その日、望美は朝から奮闘していた。

 何にか?
 バレンタインのチョコづくりにである。
 作り終わった望美は、会心の微笑みを浮かべる。
 ……惨状となった台所は無視をして。

「……よしっ、できた!完璧!」

 目の前のラッピングの可愛さに望美は至極満足して頷く。
 そして、後片付けもそこそこに出かけることにした。





奇跡に等しい確率で




「知盛ー」

 望美がご機嫌に向かった先は、知盛のマンションである。
 和議が結ばれた後、恋仲になった男は、何と望美の世界についてきてくれたのだ。
 要領のいい恋人は、ほんの一月で一人暮らしを始めてしまった。
 それからは、週末に知盛のマンションに通うのが望美の習慣となっている。

 合鍵で玄関ドアを開けて中に進むと、知盛はややうんざりとした顔でソファに寝そべっている。

「こんにちは、知盛。
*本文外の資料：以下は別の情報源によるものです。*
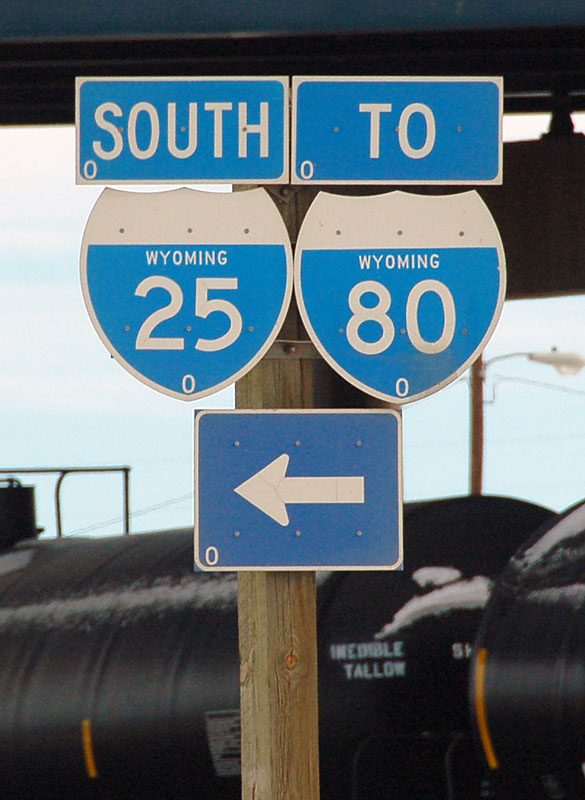 Wyoming - Interstate 80 and Interstate 25 sign.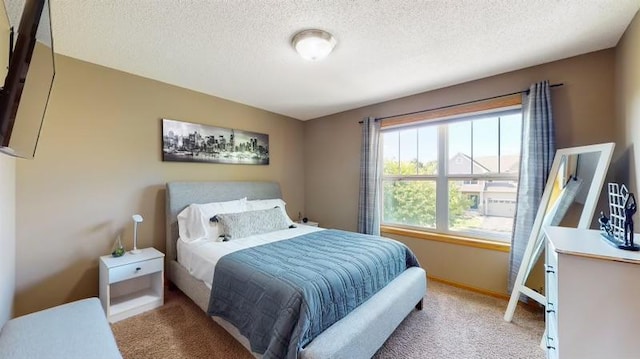11373 Balsam Way, Woodbury, MN 55129 - bedroom with baseboards, light carpet, and a textured ceiling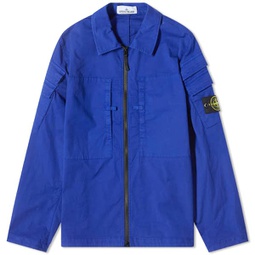 Stone Island Garment Dyed Pocket Detail Zip Overshirt Bright Blue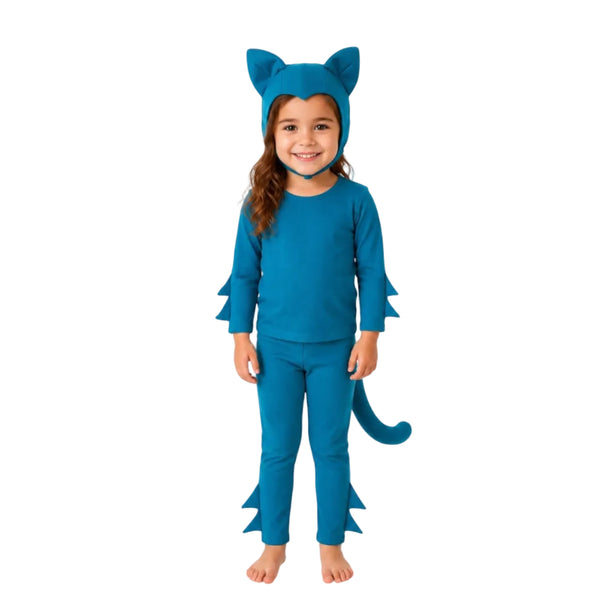 Child wearing the Blue Cat Pajama Costume with ears and tail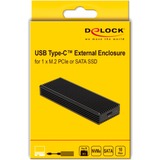 DeLOCK Externes USB Type-C Combo Gehäuse für M.2 NVMe PCIe oder SATA SSD, Laufwerksgehäuse schwarz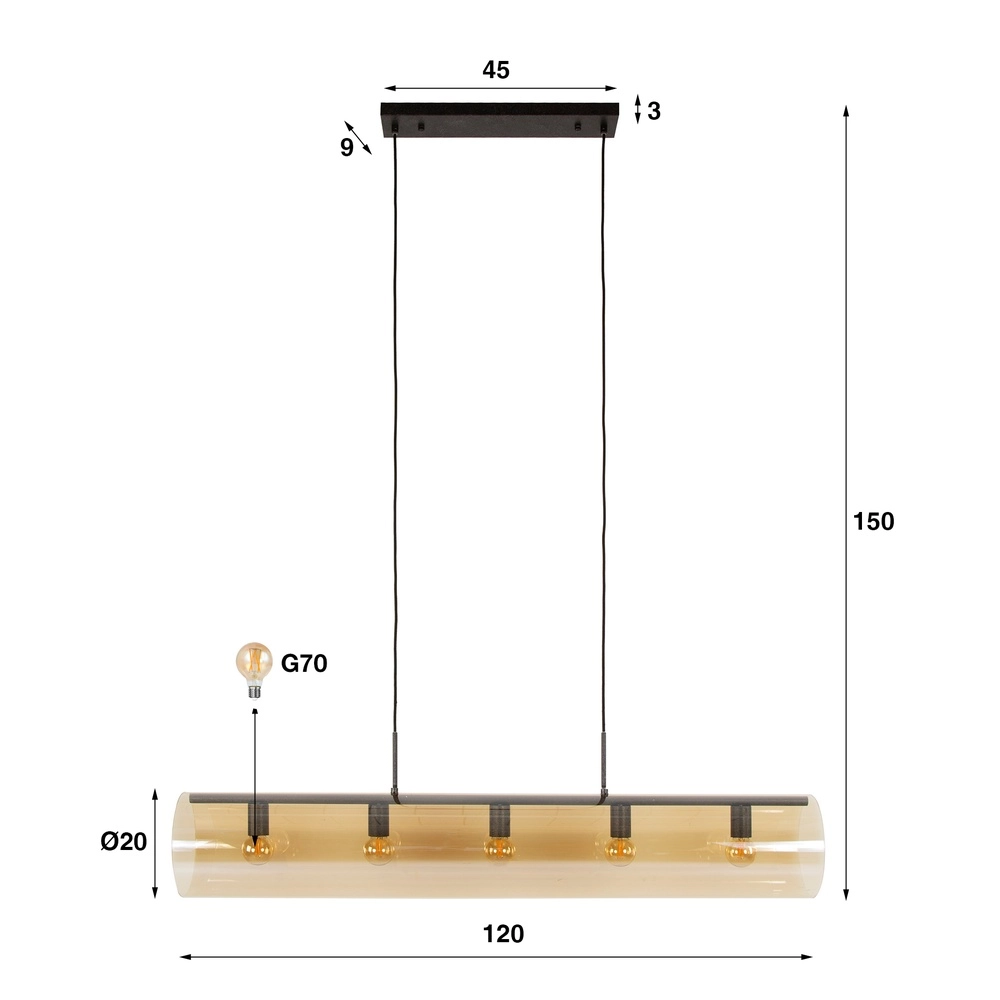 Lampe suspendue en verre Tube 120 cm - verre ambré Lyora 8716803511774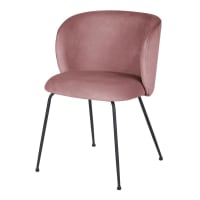 KATE - Chaise en velours rose et métal noir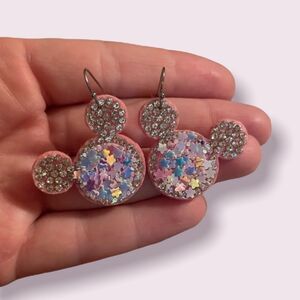 Mickey felt handmade sparkle earrings​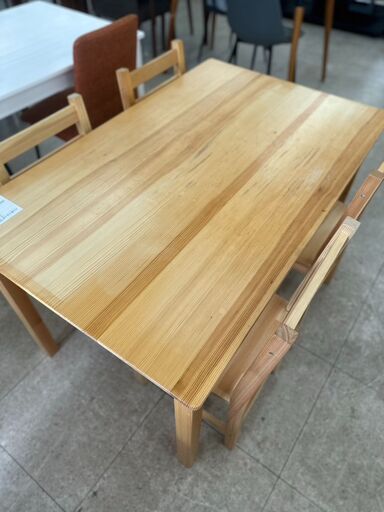 ★リユースのサカイ高崎店★TJ12463  4人掛けダイニングセット ライトブラウン H70.5×D74.5×W120 クリーニング済み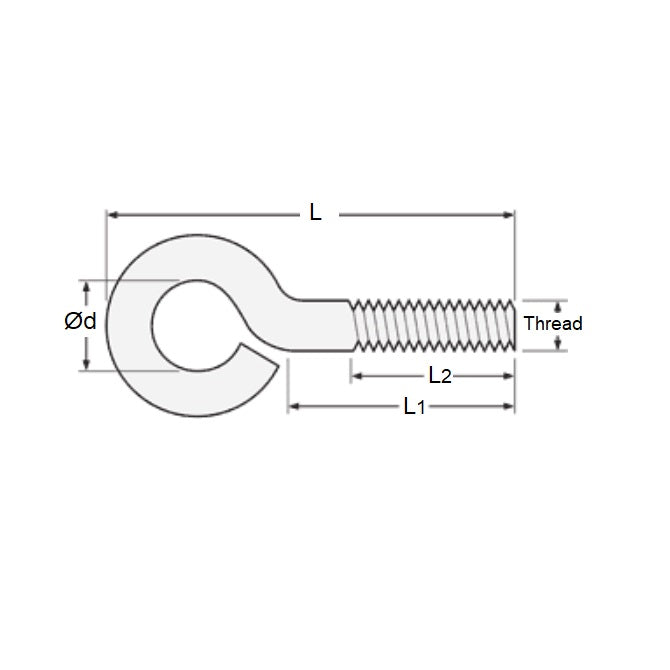 1088961 | EB-290RS --- Bent Eye Bolts - 3/8-16 UNC (9.53mm) x 101.6 mm x 38.1 mm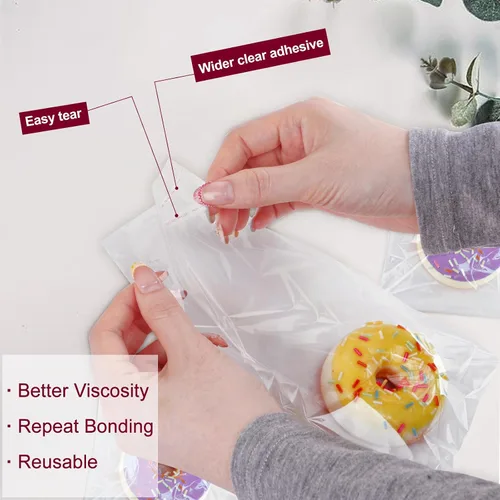 Vista 12 de 300 bolsas de celofán transparentes autosellantes – Bolsas de galletas, dulces y pan (5 x 6 pulgadas)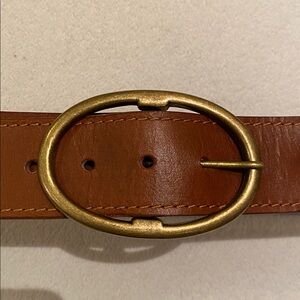 Linea Pelle brass oval statement buckle caramel brown leather w/  X details Sz L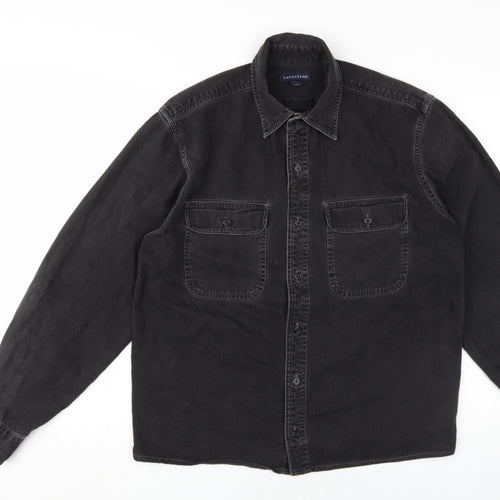 Lands' End Men's Black Denim Button-Up Shirt M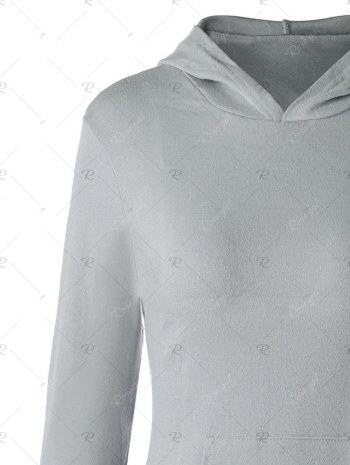 Stylish Hooded Long Sleeve Solid Color Pocket Design T-shirt For Women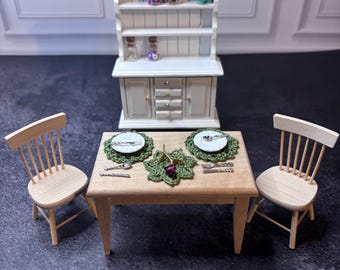 Set of 3 Green Miniature dollhouse crocheted doilies. Versatile in any room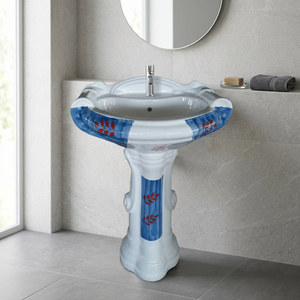 Lavabo en céramique à piétement complet, très demandé, pour salle de bain, hôtel, hôpital et usage commercial - Product Image 3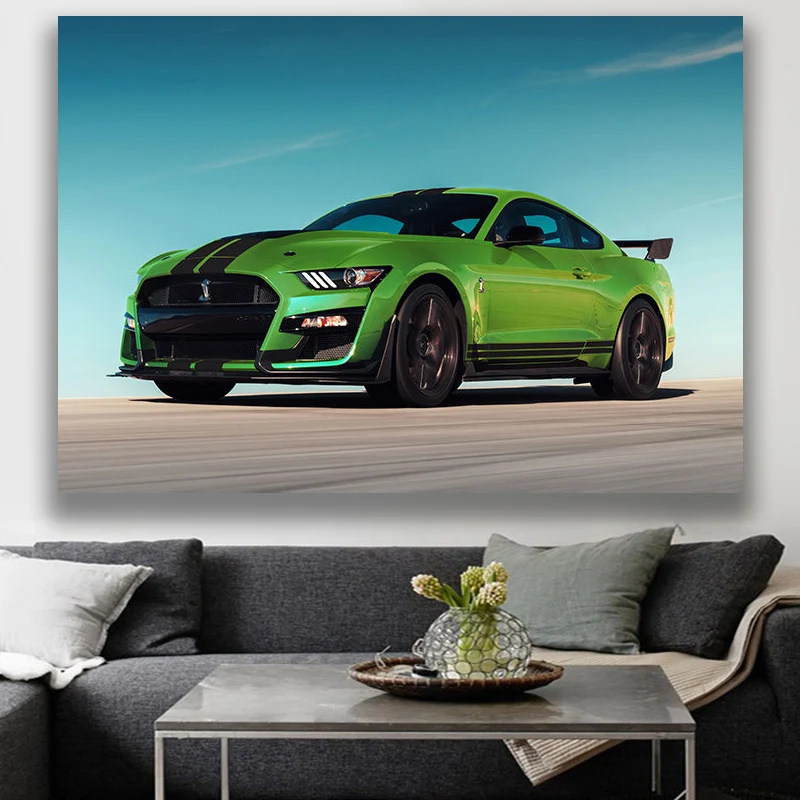 

Ford Mustang Shelby GT500 Green Car Supercar Wall Pictures Posters Canvas Prints Art With Painting Living Room Home Decoration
……どうしたの?」
「よう……望美」

 知盛は大概気だるげだ。
 だから、区別はつきにくいが、これは明らかに不機嫌な表情だった。
 いったい、何なの?

 小首を傾げる望美に、知盛は面倒そうに息を吐いた。

「今日は朝から何度となく起こされてな……」
「起こされて……?あっ…」

 そこで、望美は気づいてしまった。
 キッチンの隅にうず高く積まれたプレゼントの山に。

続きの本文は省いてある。